I am experiencing the same problem now on my iMac G5 and on my PowerBook G4 (both on 10.4).

Do you guys have any idea what's going on? Is this problem related to the Windows PC?

Thanks!


----------



## ElDiabloConCaca (Oct 20, 2005)

What are the names of the shares?


----------



## Jorg (Oct 21, 2005)

They are called "AllUserDocuments", "Data" and "Software". It is the one called Data that is causing trouble.


----------



## Jorg (Oct 24, 2005)

Does this information help you? I am still having this problem..


----------



## ElDiabloConCaca (Oct 24, 2005)

I was thinking that perhaps one name would be a substring of another name, like "Data" and "DataStuff" or something like that, possibly confusing the Mac.

Are these shares all shared the same way, with the same permissions set on all of them?  Also, is it possible that the server share in question is somehow in your Login Items or Startup Items or something on the Mac?

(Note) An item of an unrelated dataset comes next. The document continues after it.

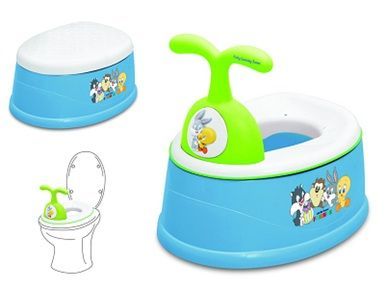 Baby Potty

If you open the Terminal, then do a "cd /Volumes" and then "ls -la", does the server volume show up there?


----------



## Jorg (Nov 1, 2005)

This is supposed to be fixed in 10.4.3, according to change logs. I will notice in the coming days...


----------



## cticompserv (Jan 21, 2009)

Interesting!  It's January 21, 2009 and we just had three separate reports of this same problem.  We're running OS X 10.4.11.

Any fixes yet?

Kent


----------



## cticompserv (Jan 21, 2009)

I haven't found the cause yet but I found a fix that eliminates rebooting.

Save or close all open documents.
Press Command-Option-Esc to force quit applications, choose Finder and click relaunch.  Confirm relaunch of Finder.

This worked for me in the limited testing I did.

Kent


----------